RoboClean: Human Robot Collaboration for Allergen-Aware Factory Cleaning

Human-Robot collaboration is expected to increase in the following years [Elprama, 2017]. The RoboClean project will investigate the potential of human-robot collaboration, integrated with IoT sensors for cleaning and allergen detection on a factory floor. We will be exploring, the impact of introducing a robot that can teamwork “hand to hand”, or better said  “hand to robo-hand” with a factory worker – focusing on assisting them rather than replacing their role.

RoboClean targets the food industry – supporting the cleaning and safety process in an industry where the presence of an allergen is a safety risk, and also given the relevance of this sectors annual contribution of £28 billion to the economy.

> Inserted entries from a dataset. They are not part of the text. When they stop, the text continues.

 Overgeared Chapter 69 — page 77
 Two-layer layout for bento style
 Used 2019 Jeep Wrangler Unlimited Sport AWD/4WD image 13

Early stages of the project involved a visit to a bread factory in Birmingham to learn about current work practices in food factory cleaning, and gain a better understand the social context of food factories. In addition, we built and evaluated a “Human-Robot Collaborative-Hub” – effectively the “brain”, combining a voice interface and a robot cleaner. This “hub” will store data on robot activity, to identify zones to be cleaned through voice interface control.  This activity enabled us to identify what functions and procedures (API) were required to control the robot.

The next stage of the project will involve designing and developing the architecture of the “Human-Robot Collaborative-Hub” as a bridge between cleaner robots’ and different user interfaces – to explore controlling robot interaction in different areas through voice interfaces, for example:  “Robot, clean around the round table” or “Robot, clean around the fridge”. We are also working on integrating a sensor capable to detect allergens, with the aim of directing the robot cleaner to specific locations using data from the “HR-Collaborative-Hub”.